Через несколько минут судно мелко задрожало и отвалило от пирса.
– Прощай, родимый край, – прошептал президент, сидя на белом стуле на верхней палубе. И как назло, именно в этот момент в глаз попала какая-то поганая соринка, отчего старик был вынужден смахнуть невольную слезу. Он отправлялся в вынужденную поездку в Европу, полный надежд и ожиданий. Новый главнокомандующий англичан серьёзно перестроил свою армию. От былого преимущества буров не осталось и следа. Казна пуста, как воздух нужна поддержка, но не на словах, а в толстых жёлтеньких кругляшках, с ребристым ободком. Именно за ними и плыл президент. Странная ситуация: страна, добывающая золото и алмазы, вынуждена вымаливать у Европы денег на свою защиту.

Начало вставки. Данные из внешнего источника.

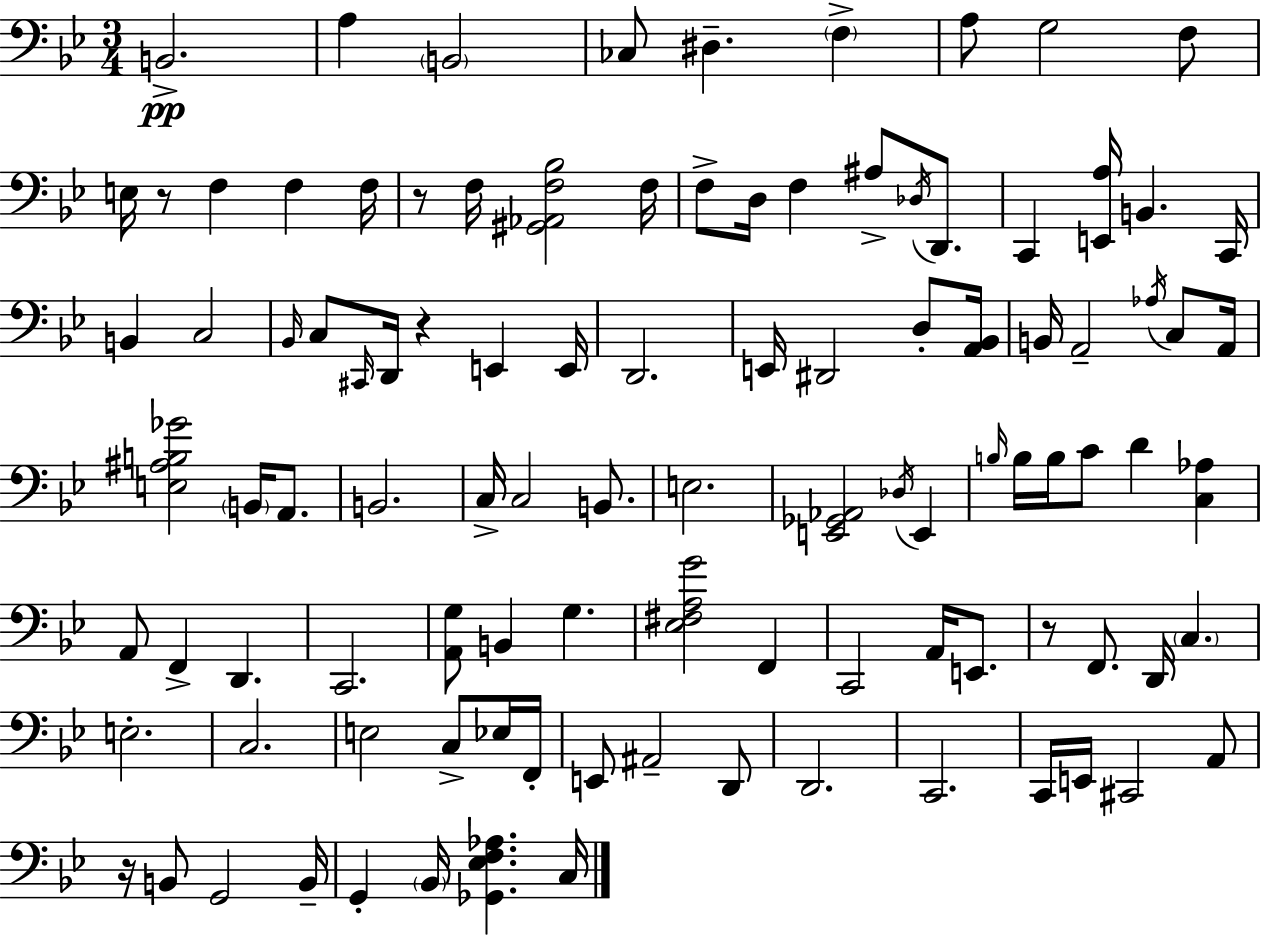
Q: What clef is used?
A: bass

План действий был ясен, прост и понятен. Ум понимал, но сердце сжималось от тоски. И не только от того, что за кормой постепенно исчезал берег Родины. В стариковском сердце роились какие-то невнятные, но дурные предчувствия. Страна оставлена на проверенных людей, но когда следишь за всем сам – это как-то верней и надёжнее. Но… Но… Но… Только ему и только под его гарантии европейские толстосумы выдадут кредиты. И конечно, не за прекрасные глаза и жаркие речи, а за тучные проценты, которыми обложат будущие кредиты и ожидаемые в будущем доходы от золотодобычи и разработки алмазных трубок. Но лучше самостоятельно что-то отрывать от своих завтраков, обедов и ужинов, чем безропотно смотреть, как это делает незнакомый дядя без твоего спроса.
Чем больше союзников он привлечёт, тем скорее вернётся мир на их земли. И буры снова заживут своим патриархальным укладом. И плевать, что там будут о них говорить, отсутствие войны окупит и простит всё.
Свежий морской ветер и солёные брызги, иногда долетающие с носа корабля, не могли вывести старика из глубокой задумчивости. Слава богу, он не знал, что обратного пути уже нет. Не то бы бросился в океанскую воду и, высоко взмахивая руками, поплыл бы к берегу.
– Ваше Превосходительство, просим в кают-компанию. Обед готов. Повар расстарался на славу! – отвлёк от мрачных раздумий и пригласил президента за стол первый помощник капитана.
– Как нельзя вовремя, – искренне обрадовался Паулус Кругер. – Пойдёмте, друг мой, пойдёмте. Нехорошо заставлять всех ждать.
И не очень уверенной походкой пошёл, чуть впереди морского офицера, который крутился вокруг, страхуя на всякий случай старика.
«Здравствуй, Саша, милый друг! Как твои дела-делишки? Продолжаешь резаться в картишки? (Да уж! Поэт из меня никудышный, чем и горжусь!) В очередной раз приношу свои извинения за слишком долгое молчание. Но вот представилась возможность и я пишу тебе, отцу и Силе Яковлевичу.